Dopo il ricorso di un professionista e la sentenza del Tram che ha concesso l’effetto sospensivo, rimossi i cartelli di divieto. Il perimetro rivisto
Pesca, pesca, pescatore. La canzone di Pierangelo Bertoli e Fiorella Mannoia potrebbe essere tranquillamente canticchiata da Giovanni Palmieri, pescatore professionista di Brissago, mentre getta le reti lungo le rive del suo comune di domicilio. Si è infatti ‘guadagnato il diritto’ di proseguire con la sua attività anche laddove l’Ufficio caccia e pesca aveva posto, nelle scorse settimane, dei cartelli di divieto. Una bandita di pesca che aveva fatto venire il mal di pancia all’interessato che non ne contestava affatto il principio, bensì l’estensione, notevolmente accresciuta, in barba agli accordi presi con i pescatori durante le riunioni e i sopralluoghi.
Il suo ricorso contro la decisione cantonale aveva ottenuto, dal Tribunale amministrativo cantonale (Tram), lo scorso 24 gennaio, lo ricordiamo, l’effetto sospensivo. Il governo, preso atto della decisione e delle legittime rivendicazioni del ricorrente, dopo attenta valutazione ha ritenuto opportuno non proseguire in questa vertenza.
Per capirci meglio in questa storia occorre comunque fare un salto indietro nel tempo. Nei piani di gestione della pesca portati avanti negli ultimi anni dal Dipartimento del territorio che interessano, nel caso specifico, il bacino svizzero del Lago Maggiore, figura la creazione di quattro ben definite aree di bandita di pesca con le reti. La Divisione dell’ambiente, per il tramite dell’Ufficio caccia e pesca, ha dunque avviato delle trattative con i pescatori, professionisti e non, per valutare la loro ubicazione e le dimensioni di queste superfici. Esse riguardano le acque antistanti al golfo di Locarno, quello di Ascona, una parte delle rive del Gambarogno e dello specchio lacustre lungo la riva di Brissago.
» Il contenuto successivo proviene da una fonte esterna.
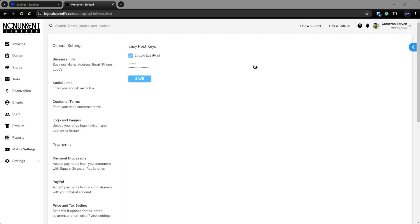What's going on print fam? Today we are talking about the EasyPost integration to allow you to create shipping labels from within the PrintLife software.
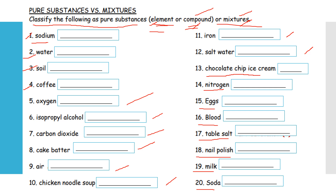Copy this and fill in the blank with your answer — whether element, compound, or mixture. For example: classify the following as pure substances — sodium, water, soil, and so on up to soda. Classify them as elements, compound, or mixture. I hope you understood. Thank you.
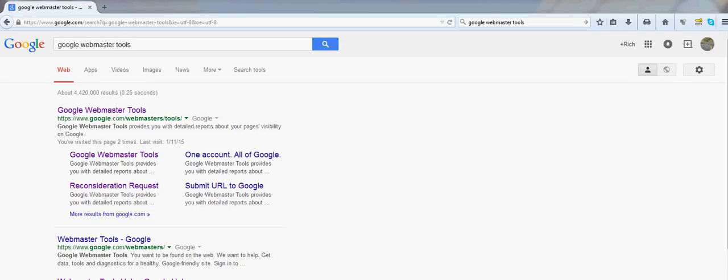On part two today, we'll be looking at HTTP versus HTTPS, or a non-secure site versus a secure site, and just how you evaluate your website in the Google Webmaster Tools.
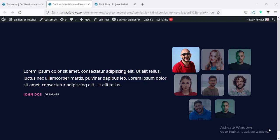Hey, what's going on guys? My name is Farjana. Welcome to my another Elementor Tips and Tricks and Elementor Design related tutorial. So in this video, I will show you how you can create this kind of cool testimonial area. Here in the left side,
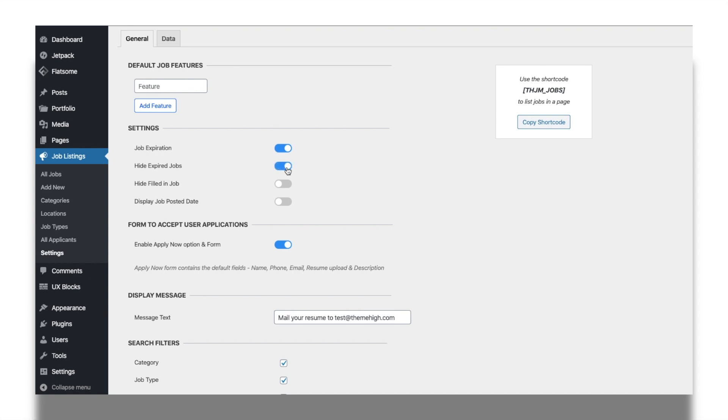You can also hide the already filled in job posts by enabling the option Hide Filled in Job. Enable the option Display Job Posted Date to optionally display the post created date.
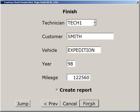And here we are again, back at the finish page. That's all the pages of the Courtesy Check Wizard.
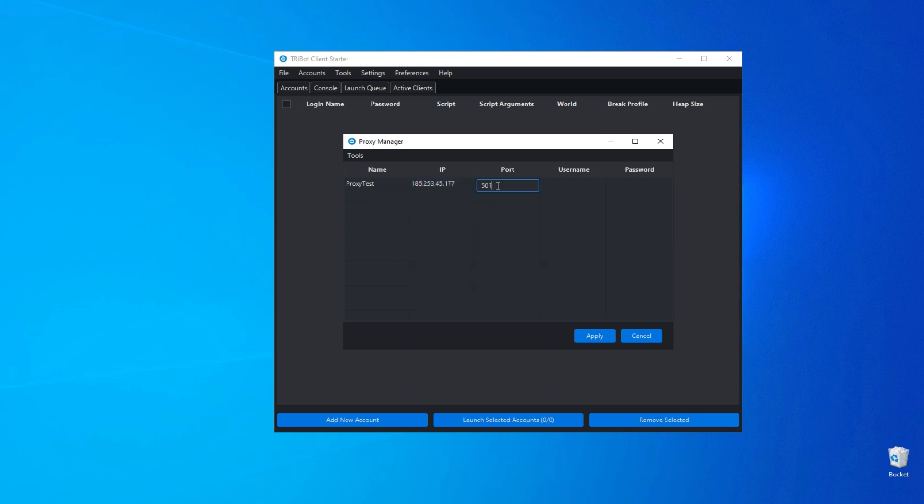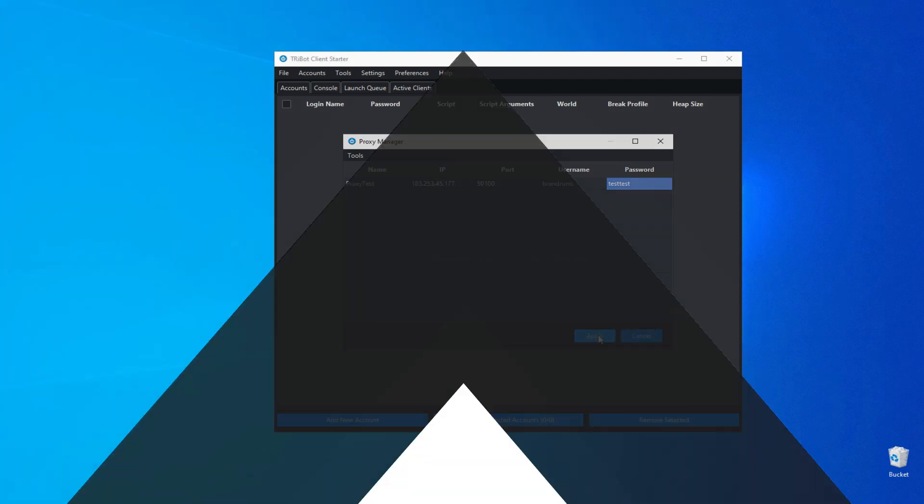If you have a private proxy, fill in the username and password in the respective fields. Click Apply to save the settings. The configuration is complete.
Il primo gennaio 2023 è dunque entrato in vigore il divieto della pesca con reti all’interno delle aree definite. Poche settimane dopo, il 24, arriva dal Tram l’altolà. Il ricorso presentato da Palmieri (supportato dai suoi colleghi che vivono con il pescato) contro il decreto esecutivo concernente la zona di protezione della pesca a Brissago è accolto e questo, di fatto, porta all’effetto sospensivo. Il motivo che ha spinto Giovanni Palmieri a presentare l’istanza è da ricondurre al fatto che i perimetri disegnati sulla mappa dal Cantone nel caso brissaghese non corrispondono, in termini di grandezza, a quanto pattuito. La bandita avrebbe dovuto abbracciare l’area che va dal vecchio porto del paese alla Clinica Hildebrand. Invece risulta allargata fino alla foce del riale subito a nord della zona Miralago, per un’estensione di 400x200 metri circa, vale a dire con una differenza di diverse centinaia di metri quadrati di superficie rispetto agli accordi. Come mai? Un abuso bello e buono, che va a nuocere a quei pochi pescatori professionisti ancora attivi sul nostro lago.
Nel suo scritto al Tram, il governo, in poche righe, conferma che "preso atto del ricorso di Palmieri, riconosce come la misura impugnata dal ricorrente richieda ulteriori valutazioni" e che "modificherà il decreto esecutivo impugnato nel senso postulato dal ricorrente". Come dire, si fa un passo indietro e si torna al perimetro precedente, evitando ulteriori istanze e discussioni.
Fine della contesa, a questo punto, mentre i cartelli di divieto di pesca installati a inizio anno dal Dipartimento lungo la riva brissaghese sono intanto già stati rimossi in data 14 febbraio e le reti possono essere gettate come in passato.
Da segnalare, per concludere, che in merito alla vicenda avremmo voluto sentire il parere del capo Ufficio caccia e pesca, Tiziano Putelli, che purtroppo non ci è stato possibile raggiungere.